Então, houve mesmo vantagem dos vegetarianos sobre os não vegetarianos?

Com base apenas nos dados e interpretações fornecidos pelos autores e nas referências citadas, é possível sintetizar da seguinte forma:

  • Vantagem estatística nos marcadores de função renal

    • Em modelos ajustados, veganos e pesco-vegetarianos apresentaram eGFR modestamente mais alta e creatinina mais baixa em comparação a não vegetarianos.
    • Os perfis metabolômicos dos vegetarianos mostraram menor presença de lipídios pró-inflamatórios, aminoácidos de cadeia ramificada e toxinas urêmicas, o que está em linha com menor risco de progressão de DRC descrito em outros estudos.
  • Coerência com outros dados da mesma coorte e com meta-análises
    • O AHS-2 já havia mostrado menor incidência de hipertensão, diabetes e menor mortalidade por falência renal entre vegetarianos, reforçando a consistência do achado de melhor função renal média em padrões vegano e pesco-vegetariano.
    • Meta-análises de coortes indicam que padrões alimentares saudáveis, ricos em alimentos vegetais minimamente processados, associam-se a menor risco de DRC e albuminúria.
  • Limitações para afirmar benefício causal ou grande impacto clínico imediato
    • O desenho transversal não permite concluir causalidade.
    • A magnitude das diferenças em eGFR é pequena e ocorreu em uma população com função renal relativamente preservada e distribuição semelhante de estágios de DRC mais avançados.
    • A dependência exclusiva da creatinina (sem cistatina C) e a ausência de medidas diretas de massa muscular implicam que parte da diferença pode refletir características corporais e de ingestão proteica, e não apenas efeito direto da dieta sobre o rim.

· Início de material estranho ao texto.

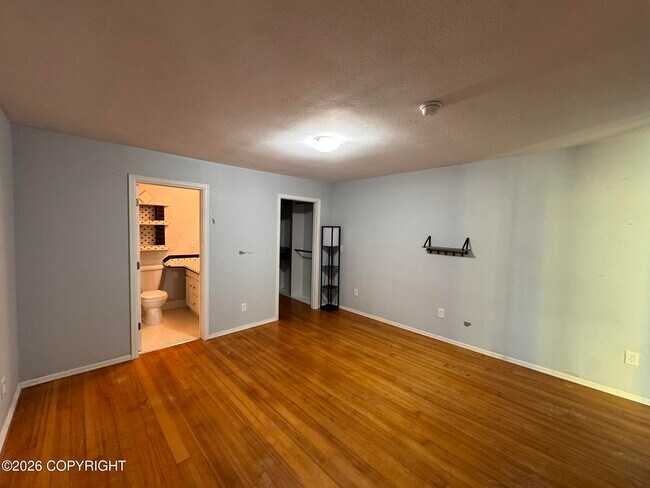 Foto del edificio - 1112 Salmon Rd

À luz desses pontos, a conclusão estritamente baseada nas evidências apresentadas é:

  • Sim, houve uma vantagem estatística discreta para padrões vegano e pesco-vegetariano em relação ao padrão não vegetariano, tanto em eGFR quanto em perfis metabolômicos associados à DRC.
  • Essa vantagem é consistente com outros dados observacionais da mesma coorte e com meta-análises sobre padrões alimentares saudáveis e risco de DRC.
  • Contudo, pela natureza observacional e transversal do estudo e pelas limitações inerentes ao uso isolado de creatinina, não é possível afirmar de forma definitiva que o padrão vegetariano cause melhor função renal, nem quantificar com precisão o impacto clínico individual dessa diferença em eGFR.

Assim, o estudo apoia a ideia de que padrões alimentares mais centrados em alimentos vegetais minimamente processados podem estar associados a melhor saúde renal, mas a interpretação deve permanecer no campo de associações observacionais, e não de prova causal.